> Task to carry out
Copy the data exactly; pictures stay out of the copy.

> Raw data
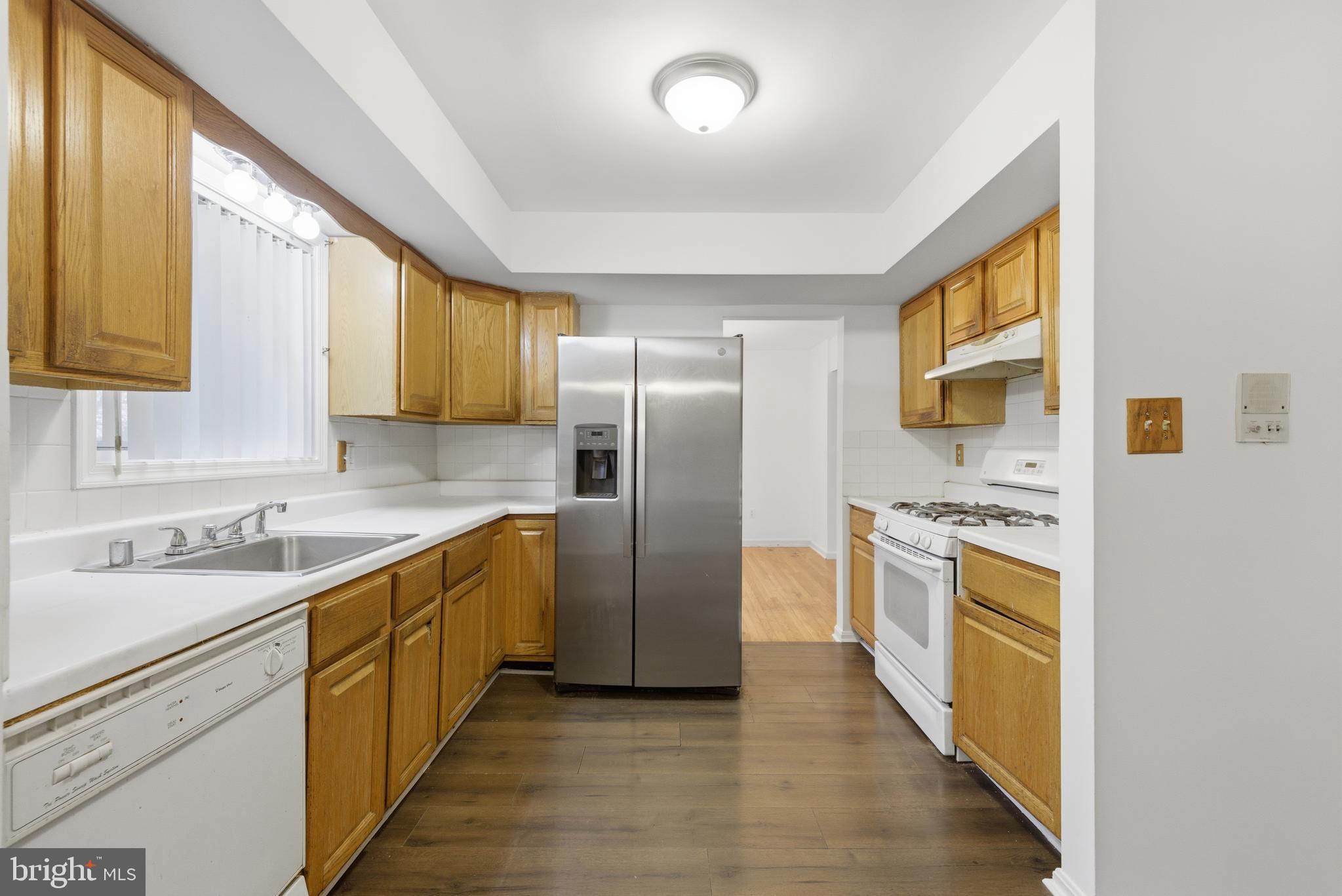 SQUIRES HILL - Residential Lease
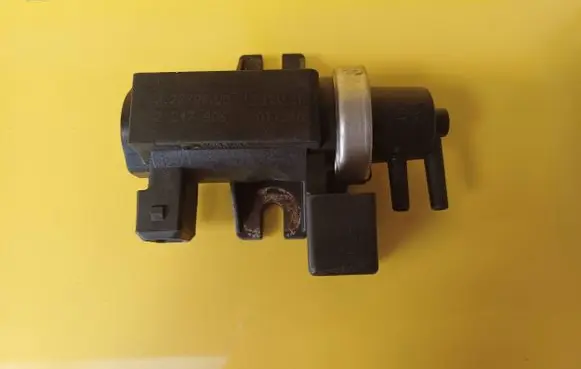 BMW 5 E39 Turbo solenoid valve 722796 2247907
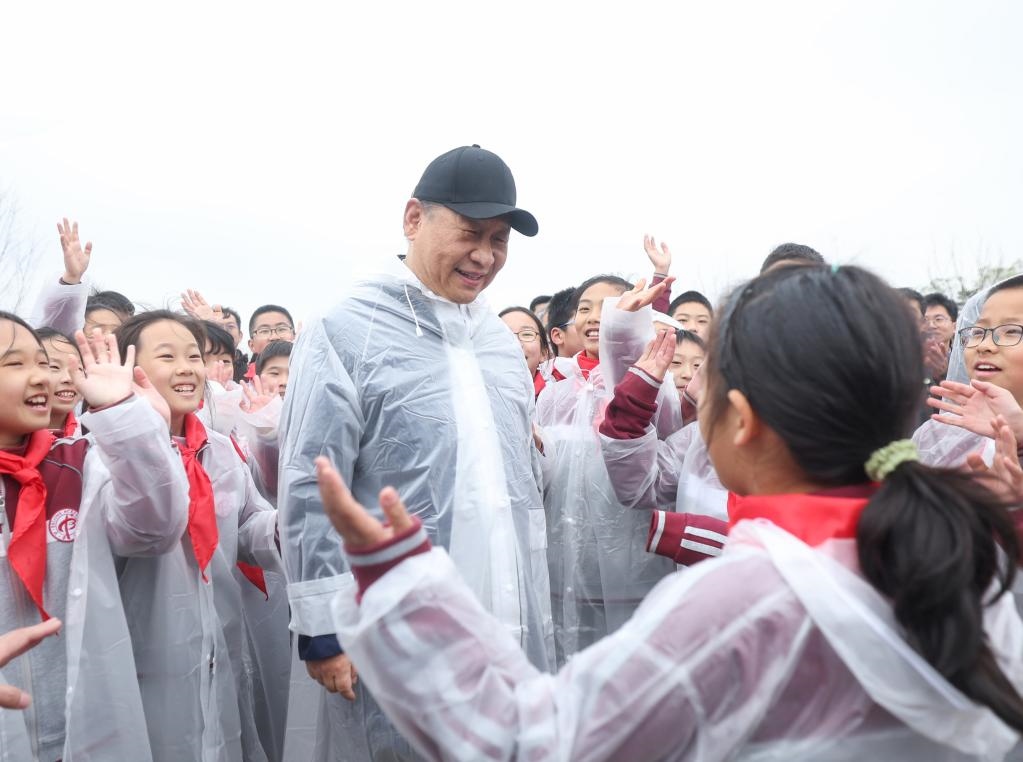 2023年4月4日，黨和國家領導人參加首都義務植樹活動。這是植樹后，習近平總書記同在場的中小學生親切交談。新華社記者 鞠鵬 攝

> Solution
 SQUIRES HILL - Residential Lease
 BMW 5 E39 Turbo solenoid valve 722796 2247907
 2023年4月4日，黨和國家領導人參加首都義務植樹活動。這是植樹后，習近平總書記同在場的中小學生親切交談。新華社記者 鞠鵬 攝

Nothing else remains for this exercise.